Claudio Saunt is Associate Professor of History at the University of Georgia. His book A New Order of Things: Property, Power, and the Transformation of the Creek Indians, 1733-1816 (Cambridge, 1999), won prizes from the Southern Historical Association and the American Society for Ethnohistory. Race and the Graysons: Black and Indian in the South, 1780-1920, will appear from Oxford in 2005.
Claire Schen is Assistant Professor of History at SUNY-Buffalo. She is the author of Charity and Lay Piety in Reformation London, 1500-1620 (Ashgate, 2002); “Greeks and ‘Grecians’ in London: The ‘Other’ Strangers,” in Randolph Vigne and Charles Littleton, eds., From Strangers to Citizens: The Integration of Immigrant Communities in Britain, Ireland, and Colonial America, 1550-1750 (Brighton, 2001); and essays on women and piety. She is currently working on a project about piracy and captivity in early modern Britain and North Africa and British relations with the Ottoman Turks in the seventeenth century.

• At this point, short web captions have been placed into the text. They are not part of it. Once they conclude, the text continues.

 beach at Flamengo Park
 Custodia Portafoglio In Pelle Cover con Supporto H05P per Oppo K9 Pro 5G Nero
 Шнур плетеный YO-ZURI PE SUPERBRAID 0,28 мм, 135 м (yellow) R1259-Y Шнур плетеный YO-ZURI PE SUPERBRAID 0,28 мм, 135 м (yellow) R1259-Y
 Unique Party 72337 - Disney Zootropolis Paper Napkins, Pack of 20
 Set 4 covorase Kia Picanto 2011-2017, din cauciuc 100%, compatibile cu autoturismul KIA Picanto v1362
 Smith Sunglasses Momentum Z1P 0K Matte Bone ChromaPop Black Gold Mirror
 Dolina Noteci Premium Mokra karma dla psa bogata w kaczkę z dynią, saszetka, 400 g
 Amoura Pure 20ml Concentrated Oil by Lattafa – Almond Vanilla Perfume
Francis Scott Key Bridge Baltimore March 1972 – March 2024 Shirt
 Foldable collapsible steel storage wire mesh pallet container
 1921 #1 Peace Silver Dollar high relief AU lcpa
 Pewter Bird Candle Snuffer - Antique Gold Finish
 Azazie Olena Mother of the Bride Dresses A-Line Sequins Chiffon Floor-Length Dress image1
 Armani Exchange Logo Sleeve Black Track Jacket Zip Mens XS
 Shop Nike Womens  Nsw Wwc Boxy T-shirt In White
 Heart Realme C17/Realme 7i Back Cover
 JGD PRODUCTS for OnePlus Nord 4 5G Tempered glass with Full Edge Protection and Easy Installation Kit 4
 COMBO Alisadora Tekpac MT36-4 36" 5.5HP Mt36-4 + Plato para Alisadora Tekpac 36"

Christopher Schmidt-Nowara is Associate Professor of History at Fordham University and Director of the Latin American and Latino Studies Institute. He is the author of Empire and Antislavery: Spain, Cuba, and Puerto Rico, 1833-1874 (Pittsburgh, 1999) and is currently working on a monograph entitled “The Conquest of History: Spanish Colonialism and National Histories in the Nineteenth Century,” forthcoming from Pittsburgh.
Patricia Seed is Professor of History at the University of California Irvine. She is the author of three books including, most recently, American Pentimento: The Invention of Indians and the Pursuit of Riches (Minnesota, 2001). She has received five prizes for historical writing on a variety of different subjects. She is currently writing “The Navigation and Cartography of the Atlantic from A.D. 800 to 1600.”
Erik R. Seeman, Associate Professor of History at SUNY-Buffalo, is the author of Pious Persuasions: Laity and Clergy in Eighteenth-Century New England (Johns Hopkins, 1999) and “Reading Indians’ Deathbed Scenes: Ethnohistorical and Representational Approaches,” Journal of American History (2001). He has received National Endowment for the Humanities and Fulbright fellowships to work on his current project, “Final Frontiers: Cross-Cultural Encounters with Death in the New World.”
Reed Ueda is Professor of History at Tufts University and on the Steering Group of the Inter-University Committee on International Migration at the MIT Center for International Studies. He is an associate of the New Global History Initiative directed by Akira Iriye of Harvard and Bruce Mazlish of MIT. He has authored Avenues to Adulthood (Cambridge U. P., 1987) and Post- War Immigrant America (St. Martins, 1994), as well as edited books and written many articles on U. S. social history and global migration.
Jason Young received his Ph.D. from the University at California, Riverside, and is Assistant Professor of History at SUNY-Buffalo. His current project, “Rituals of Resistance: The Making of an African Atlantic Religious Complex in Kongo and along the Sea Islands of the Slave South,” explores the cultural connections between Africans captured in West-Central Africa and their progeny enslaved in the Lowcountry.